### What to do:
Ignoring the images, restate the records below word for word.

(Pictures with short captions)
Segment Open

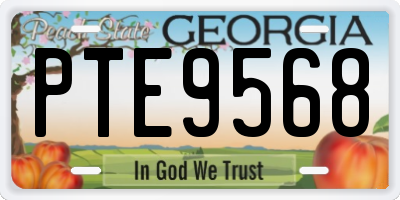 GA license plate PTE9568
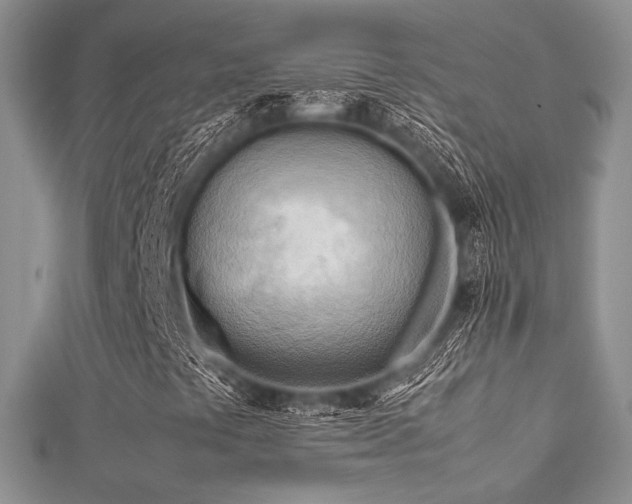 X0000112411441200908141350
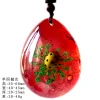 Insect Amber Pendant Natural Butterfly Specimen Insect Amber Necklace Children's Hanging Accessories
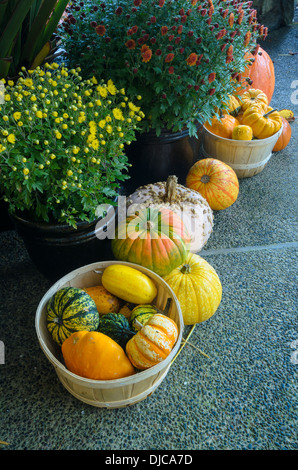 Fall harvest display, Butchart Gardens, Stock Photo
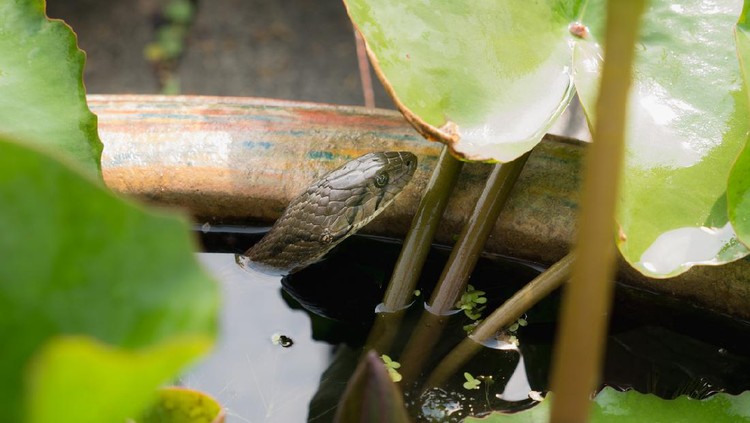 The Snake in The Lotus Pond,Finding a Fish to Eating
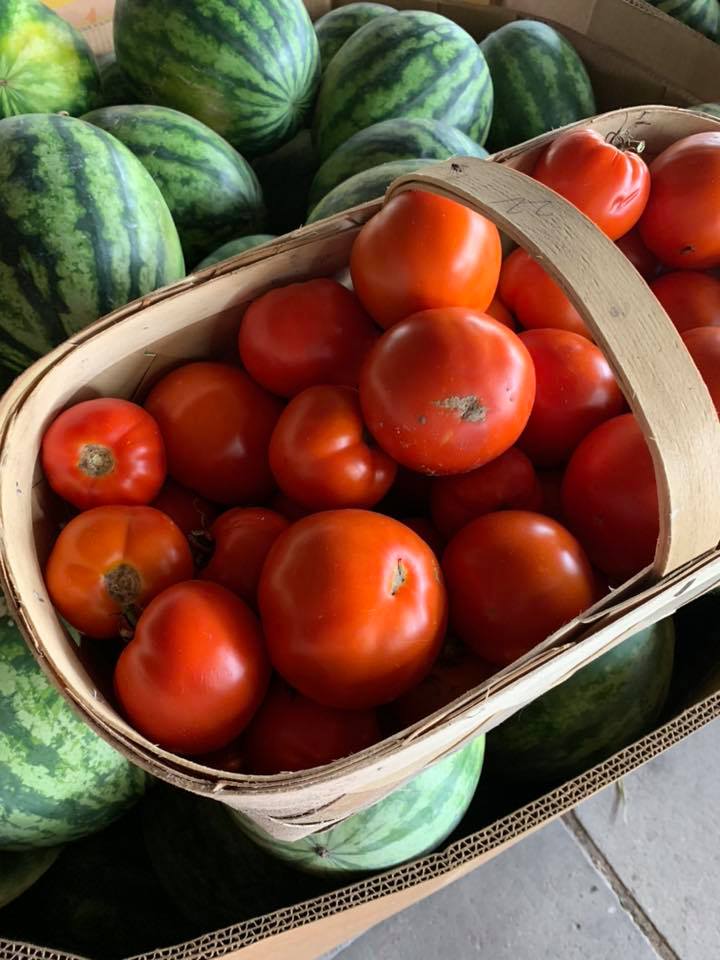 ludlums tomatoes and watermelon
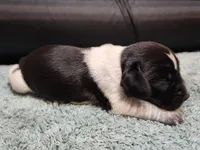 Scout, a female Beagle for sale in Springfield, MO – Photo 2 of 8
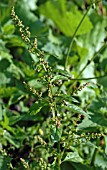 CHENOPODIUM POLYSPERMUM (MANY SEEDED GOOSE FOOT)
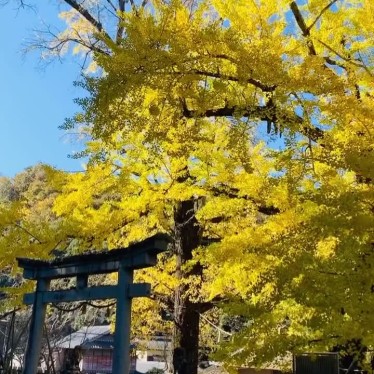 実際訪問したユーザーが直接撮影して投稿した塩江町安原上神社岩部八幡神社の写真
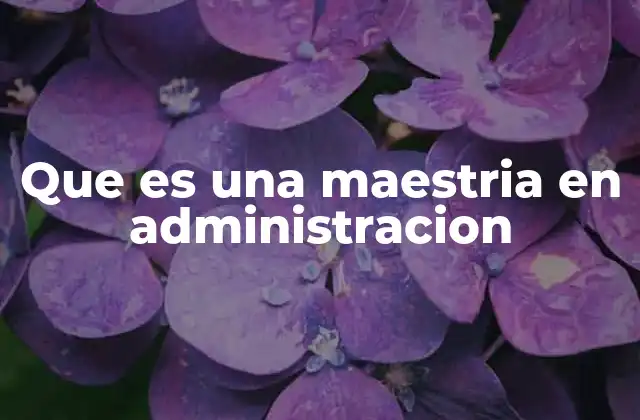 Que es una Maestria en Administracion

Segment Closed

### Response to the task:
 GA license plate PTE9568
 X0000112411441200908141350
 Insect Amber Pendant Natural Butterfly Specimen Insect Amber Necklace Children's Hanging Accessories
 Fall harvest display, Butchart Gardens, Stock Photo
 The Snake in The Lotus Pond,Finding a Fish to Eating
 ludlums tomatoes and watermelon
 Scout, a female Beagle for sale in Springfield, MO – Photo 2 of 8
 CHENOPODIUM POLYSPERMUM (MANY SEEDED GOOSE FOOT)
 実際訪問したユーザーが直接撮影して投稿した塩江町安原上神社岩部八幡神社の写真
 Que es una Maestria en Administracion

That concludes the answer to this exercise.